Work item:
Skip the pictures, please, and write out exactly every line from the one containing "Young smiling fun" through the end of the listing below.

Data below:

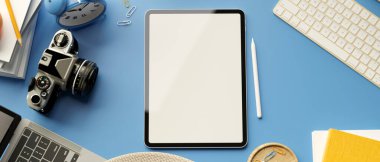 3D rendering, digital tablet with mock-up screen, camera, laptop and accessories on blue background, 3D illustration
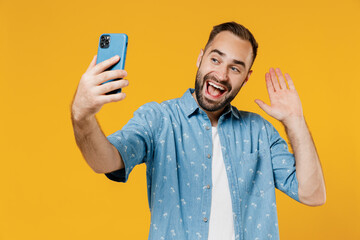Young smiling fun happy man 20s in blue shirt white t-shirt doing selfie shot on mobile cell phone...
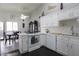 Cozy kitchen with a gas stove, dining area, and natural light for comfortable living and dining at 1312 Georgia Ave # D, Boulder City, NV 89005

Written solution:
Young smiling fun happy man 20s in blue shirt white t-shirt doing selfie shot on mobile cell phone...
 Cozy kitchen with a gas stove, dining area, and natural light for comfortable living and dining at 1312 Georgia Ave # D, Boulder City, NV 89005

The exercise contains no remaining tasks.